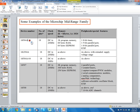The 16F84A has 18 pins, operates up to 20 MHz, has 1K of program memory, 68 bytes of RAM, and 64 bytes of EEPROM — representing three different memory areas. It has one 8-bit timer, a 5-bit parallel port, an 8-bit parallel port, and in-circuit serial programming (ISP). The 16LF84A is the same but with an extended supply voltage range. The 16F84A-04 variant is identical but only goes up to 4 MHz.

--

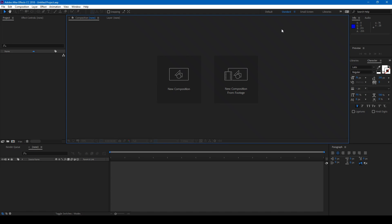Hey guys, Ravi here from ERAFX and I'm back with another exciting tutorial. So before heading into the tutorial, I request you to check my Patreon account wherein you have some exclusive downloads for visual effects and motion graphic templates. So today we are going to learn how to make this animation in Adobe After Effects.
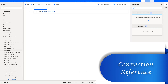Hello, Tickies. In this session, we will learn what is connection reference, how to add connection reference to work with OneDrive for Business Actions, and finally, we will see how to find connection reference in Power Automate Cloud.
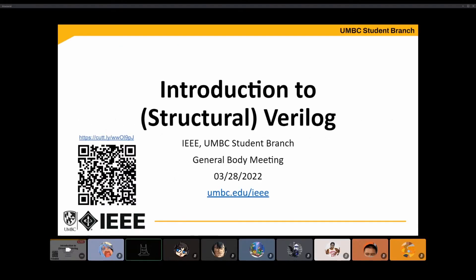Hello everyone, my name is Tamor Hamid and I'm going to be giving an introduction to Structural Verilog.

Exercise requirements
Pictures excluded, reproduce only the part above that opens with the line holding "Hello, Tickies. In" and closes with the line holding "Hello everyone, my", exactly as written.

Response area
Hello, Tickies. In this session, we will learn what is connection reference, how to add connection reference to work with OneDrive for Business Actions, and finally, we will see how to find connection reference in Power Automate Cloud.
Hello everyone, my name is Tamor Hamid and I'm going to be giving an introduction to Structural Verilog.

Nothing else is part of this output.